Unix "join" is a database operator for text files. Suppose you have two files that have related text in them: for example, /etc/passwd and /etc/group. We sort them on their group field ( sort -n -t : +2 /etc/passwd > j1; sort -n -t : +2 /etc/group > j2) and end up with files that look something like this:

nobody:*:-2:-2:Unprivileged User:/dev/null:/dev/null
root:*:0:0:System Administrator:/var/root:/bin/tcsh
daemon:*:1:1:System Services:/var/root:/dev/null
smmsp:*:25:25:Sendmail User:/private/etc/mail:/dev/null
www:*:70:70:World Wide Web Server:/Library/WebServer:/dev/null
xxw:*:70:70:Inside Web Server:/Library/IWebServer:/dev/null
mysql:*:74:74:MySQL Server:/dev/null:/dev/null
sshd:*:75:75:sshd Privilege separation:/var/empty:/dev/null
unknown:*:99:99:Unknown User:/dev/null:/dev/null
apl:*:501:20:Anthony Lawrence:/Users/apl:/bin/bash

(Files shortened for clarity). Now we use join:

bash-2.05a$ join -t : -j 3 j1 j2
-2:nobody:*:-2:Unprivileged User:/dev/null:/dev/null:nobody:*: 
0:root:*:0:System Administrator:/var/root:/bin/tcsh:wheel:*:root  
1:daemon:*:1:System Services:/var/root:/dev/null:daemon:*:root
25:smmsp:*:25:Sendmail User:/private/etc/mail:/dev/null:smmsp:*:
70:www:*:70:World Wide Web Server:/Library/WebServer:/dev/null:www:*:
70:xxw:*:70:70:Inside Web Server:/Library/IWebServer:/dev/null:www:*:
74:mysql:*:74:MySQL Server:/dev/null:/dev/null:mysql:*:
75:sshd:*:75:sshd Privilege separation:/var/empty:/dev/null:sshd:*: 
99:unknown:*:99:Unknown User:/dev/null:/dev/null:unknown:*:  

Which gives us the matching lines from each file joined together in one line. Rather purposeless here, of course.
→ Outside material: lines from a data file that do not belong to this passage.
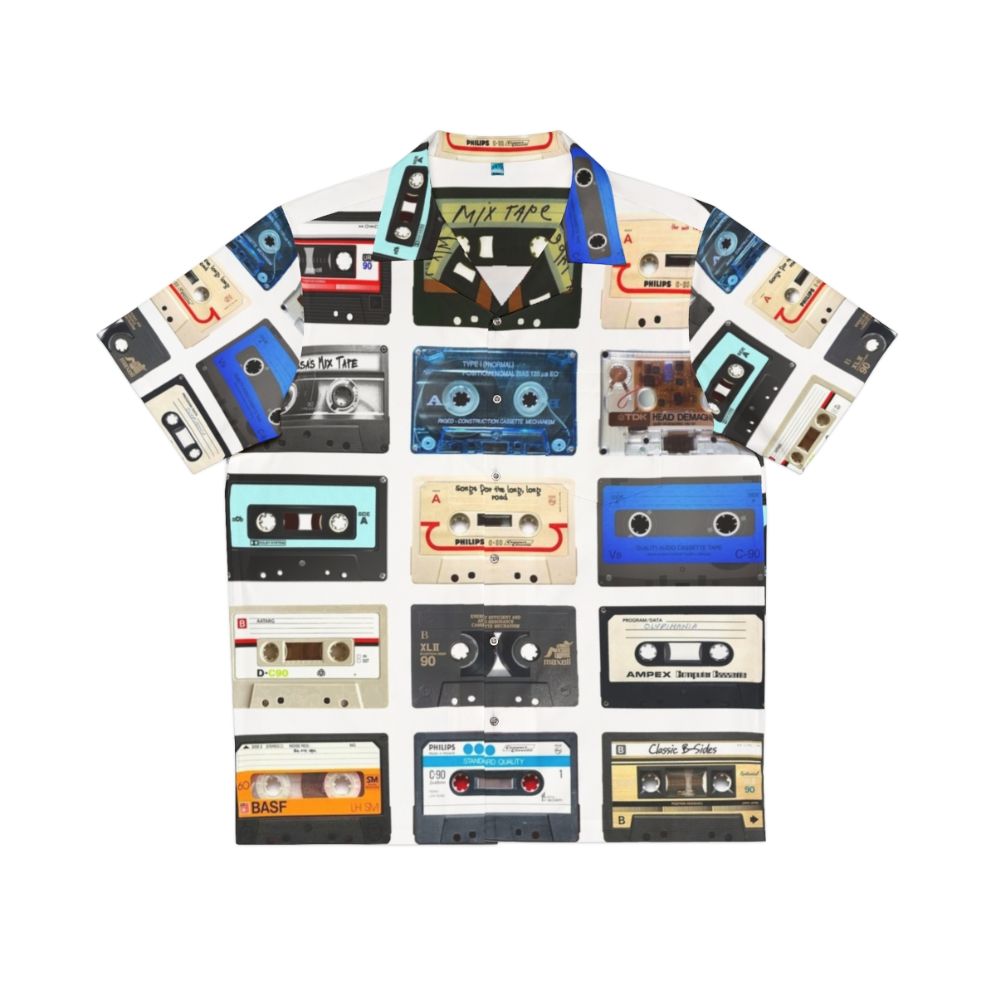 Retro Music Hawaiian Shirt with 80s Inspired Cassette Tape and Boombox Design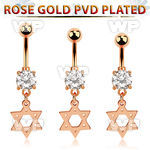 mdrz758 rose gold steel belly banana w prong set cz w david star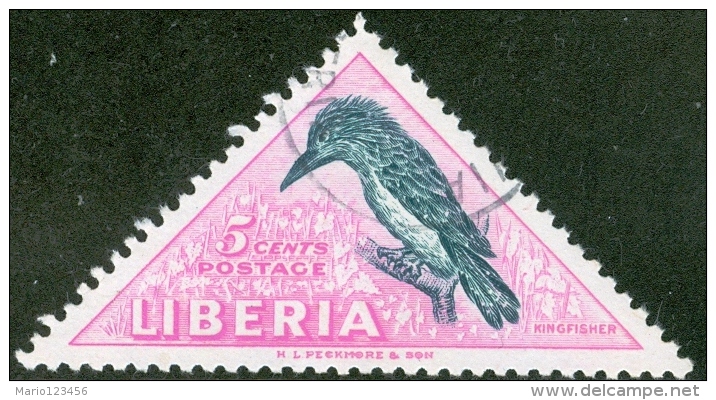 LIBERIA, FAUNA, UCCELLI, BIRDS, 1953, FRANCOBOLLO USATO, Scott 344, YT 321 - Liberia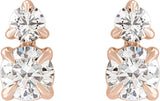 14K Gold Round Lab-Grown Diamond Earrings – 3.5-4.5mm Stones - Rose Gold - view 2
MSDOS once had a "join" command. Its purpose was to operate much like Unix mount and join two drives rather than having them be separate drive letters. That was of course exactly what they should have done originally; the curse of using drive letters still makes Windows more clumsy than it needs to be.